Sebelum sukses mengembangkan bisnis jam kayunya hingga ekspor ke berbagai negara seperti Paris, Eropa Tengah, US, Asia Tenggara, Korea Selatan, Jepang, Turki dan Australia, Fidha sapaan akrabnya pernah mencoba 12 usaha setelah ia lulus dari Vokasi Universitas Gadjah Mada (UGM).

"Ini sudah tahun ketujuh aku menjalankan Eboni Watch. Untuk ekspor Asia Tenggara hampir seluruh negara. Dan yang jauh itu fu Afrika Selatan sama Rusia," katanya kepada Urbanasia, Rabu (16/6/2021).

"Nah, aku udah usaha macem-macem sih terus yang terakhir itu tahun 2012 di kerajinan kulit.

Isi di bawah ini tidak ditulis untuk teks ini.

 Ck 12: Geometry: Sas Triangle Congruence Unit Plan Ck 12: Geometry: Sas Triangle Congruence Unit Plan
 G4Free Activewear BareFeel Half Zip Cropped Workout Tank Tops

Jadi Eboni itu usaha ke-13 saya aku udah 12 kali usaha tapi kayaknya nggak cocok," lanjutnya.

 

1626184354-WhatsApp-Image-2021-07-13-at-8.19.03-PM.jpegSumber: Proses pembuatan Eboni Watch. Sumber: Istimewa

Alasan ia menekuni Eboni Watch yang berlokasi di Klaten, Jawa Tengah ini adalah ia menyukai kerajinan sejak kecil. 

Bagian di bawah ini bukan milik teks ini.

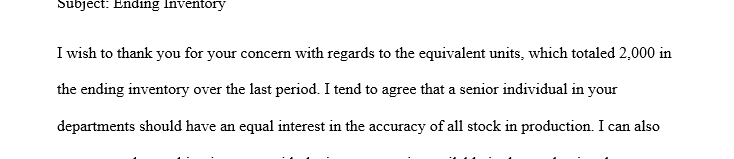 Prepare a maximum 700-word informal memo and explain to Mr. Skaros why his production cost report showed only 2000 equivalent units in ending inventory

"Karena basic-nya saya suka kerajinan dari kecil. Terus, kenapa aku terjun di kayu ini karena melihat peluang yang pertama, kayak lucu gitu ya ada jam kayu. Tapi kok rasanya gede ya, akhirnya memulai bikin sendiri dengan desain yang agak kecil dan minimalis yang dipakai bisa pas gitu," lanjutnya.

Awalnya, Fidha menggunakan vendor untuk membuat jam tangan kayunya. Namun karena molor dan dikomplain customer, Fidha pun memutuskan untuk memproduksi sendiri jam tangannya.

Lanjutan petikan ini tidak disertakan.